▸ **Short descriptive text snippets**:
##############################

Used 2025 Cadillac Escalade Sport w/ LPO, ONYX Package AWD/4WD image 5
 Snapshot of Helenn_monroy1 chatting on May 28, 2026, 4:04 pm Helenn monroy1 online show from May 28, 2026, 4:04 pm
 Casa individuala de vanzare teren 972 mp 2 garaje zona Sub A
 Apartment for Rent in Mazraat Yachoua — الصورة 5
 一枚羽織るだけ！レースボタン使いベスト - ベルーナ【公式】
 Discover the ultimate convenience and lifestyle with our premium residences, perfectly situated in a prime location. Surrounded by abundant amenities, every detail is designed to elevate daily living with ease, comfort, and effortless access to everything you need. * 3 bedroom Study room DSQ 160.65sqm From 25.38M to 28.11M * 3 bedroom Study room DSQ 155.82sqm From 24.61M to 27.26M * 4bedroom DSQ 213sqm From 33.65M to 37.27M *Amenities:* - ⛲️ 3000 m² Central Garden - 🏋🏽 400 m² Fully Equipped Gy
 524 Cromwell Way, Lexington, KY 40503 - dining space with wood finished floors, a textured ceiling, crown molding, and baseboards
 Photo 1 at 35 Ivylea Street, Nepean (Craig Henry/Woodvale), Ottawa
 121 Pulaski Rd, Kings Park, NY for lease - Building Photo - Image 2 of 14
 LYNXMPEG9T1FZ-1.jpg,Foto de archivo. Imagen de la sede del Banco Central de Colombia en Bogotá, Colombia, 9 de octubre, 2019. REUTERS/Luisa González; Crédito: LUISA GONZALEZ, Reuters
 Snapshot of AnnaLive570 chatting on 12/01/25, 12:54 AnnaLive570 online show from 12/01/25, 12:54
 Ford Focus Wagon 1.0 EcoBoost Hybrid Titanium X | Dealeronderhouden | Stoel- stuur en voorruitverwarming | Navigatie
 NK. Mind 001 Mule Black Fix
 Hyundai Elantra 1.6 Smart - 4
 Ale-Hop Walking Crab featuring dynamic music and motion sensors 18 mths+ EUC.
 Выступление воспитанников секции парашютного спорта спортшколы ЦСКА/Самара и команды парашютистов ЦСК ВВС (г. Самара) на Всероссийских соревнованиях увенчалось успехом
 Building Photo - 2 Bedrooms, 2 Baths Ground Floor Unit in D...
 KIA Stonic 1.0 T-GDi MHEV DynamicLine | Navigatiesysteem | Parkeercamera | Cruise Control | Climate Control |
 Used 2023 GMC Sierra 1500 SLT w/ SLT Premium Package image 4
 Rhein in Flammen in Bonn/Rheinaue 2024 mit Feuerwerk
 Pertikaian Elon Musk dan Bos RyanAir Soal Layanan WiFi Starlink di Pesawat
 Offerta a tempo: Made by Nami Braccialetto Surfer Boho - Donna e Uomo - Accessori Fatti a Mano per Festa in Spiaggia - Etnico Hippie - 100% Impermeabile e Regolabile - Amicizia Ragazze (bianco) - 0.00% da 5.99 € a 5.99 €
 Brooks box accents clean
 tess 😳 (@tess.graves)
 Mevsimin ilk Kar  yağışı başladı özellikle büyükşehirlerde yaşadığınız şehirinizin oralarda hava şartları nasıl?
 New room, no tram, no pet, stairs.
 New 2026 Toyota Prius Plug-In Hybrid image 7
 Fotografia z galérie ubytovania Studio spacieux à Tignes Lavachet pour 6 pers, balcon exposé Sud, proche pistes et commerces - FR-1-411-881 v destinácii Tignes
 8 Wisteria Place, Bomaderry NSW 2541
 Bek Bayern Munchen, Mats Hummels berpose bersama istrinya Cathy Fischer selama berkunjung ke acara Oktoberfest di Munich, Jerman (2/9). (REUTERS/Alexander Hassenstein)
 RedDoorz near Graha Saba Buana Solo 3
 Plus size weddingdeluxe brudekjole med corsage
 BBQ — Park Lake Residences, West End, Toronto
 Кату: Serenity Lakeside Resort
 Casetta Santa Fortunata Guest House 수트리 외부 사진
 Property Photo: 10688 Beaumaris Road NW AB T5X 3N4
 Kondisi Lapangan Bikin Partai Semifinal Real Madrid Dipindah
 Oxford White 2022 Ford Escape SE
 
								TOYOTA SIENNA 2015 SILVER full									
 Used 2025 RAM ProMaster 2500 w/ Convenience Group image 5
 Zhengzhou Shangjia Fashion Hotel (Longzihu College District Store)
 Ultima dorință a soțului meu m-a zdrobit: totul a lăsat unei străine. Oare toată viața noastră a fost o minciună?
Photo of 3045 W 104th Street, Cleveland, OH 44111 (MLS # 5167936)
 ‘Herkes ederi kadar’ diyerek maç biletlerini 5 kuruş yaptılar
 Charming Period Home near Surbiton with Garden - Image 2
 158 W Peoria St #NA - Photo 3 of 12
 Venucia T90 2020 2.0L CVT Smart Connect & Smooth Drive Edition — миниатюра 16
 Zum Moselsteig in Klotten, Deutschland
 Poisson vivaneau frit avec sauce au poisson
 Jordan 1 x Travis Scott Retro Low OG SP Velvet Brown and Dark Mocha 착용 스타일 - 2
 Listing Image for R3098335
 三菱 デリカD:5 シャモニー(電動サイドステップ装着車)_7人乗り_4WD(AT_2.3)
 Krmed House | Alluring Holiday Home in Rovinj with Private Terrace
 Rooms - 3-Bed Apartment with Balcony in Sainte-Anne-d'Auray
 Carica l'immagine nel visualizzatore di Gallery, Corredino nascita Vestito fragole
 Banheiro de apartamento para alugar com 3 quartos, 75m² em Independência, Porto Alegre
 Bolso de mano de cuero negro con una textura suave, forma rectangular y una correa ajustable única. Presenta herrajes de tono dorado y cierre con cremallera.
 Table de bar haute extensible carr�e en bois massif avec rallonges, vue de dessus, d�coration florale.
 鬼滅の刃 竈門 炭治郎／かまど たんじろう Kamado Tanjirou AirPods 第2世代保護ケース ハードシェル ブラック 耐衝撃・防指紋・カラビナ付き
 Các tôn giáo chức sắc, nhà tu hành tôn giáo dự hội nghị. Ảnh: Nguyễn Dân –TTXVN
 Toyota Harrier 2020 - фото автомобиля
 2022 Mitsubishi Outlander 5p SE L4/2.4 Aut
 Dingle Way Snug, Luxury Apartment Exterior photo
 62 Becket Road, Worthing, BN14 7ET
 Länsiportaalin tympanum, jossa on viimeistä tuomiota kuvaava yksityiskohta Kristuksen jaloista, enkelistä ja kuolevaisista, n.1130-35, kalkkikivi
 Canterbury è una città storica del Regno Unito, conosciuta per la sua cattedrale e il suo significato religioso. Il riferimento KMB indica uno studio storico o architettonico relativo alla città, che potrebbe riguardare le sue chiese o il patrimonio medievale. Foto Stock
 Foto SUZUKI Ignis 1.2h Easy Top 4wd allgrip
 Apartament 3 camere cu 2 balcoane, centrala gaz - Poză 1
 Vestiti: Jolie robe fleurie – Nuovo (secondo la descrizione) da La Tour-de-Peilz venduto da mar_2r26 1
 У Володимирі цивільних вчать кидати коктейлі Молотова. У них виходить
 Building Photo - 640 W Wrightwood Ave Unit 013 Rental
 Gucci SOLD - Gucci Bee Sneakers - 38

##############################

▸ **Task objective**:
Out of the data above, give again only the lines starting at the one holding "Krmed House |" and ending at the one holding "Banheiro de apartamento", unchanged.

▸ **Answer area**:
 Krmed House | Alluring Holiday Home in Rovinj with Private Terrace
 Rooms - 3-Bed Apartment with Balcony in Sainte-Anne-d'Auray
 Carica l'immagine nel visualizzatore di Gallery, Corredino nascita Vestito fragole
 Banheiro de apartamento para alugar com 3 quartos, 75m² em Independência, Porto Alegre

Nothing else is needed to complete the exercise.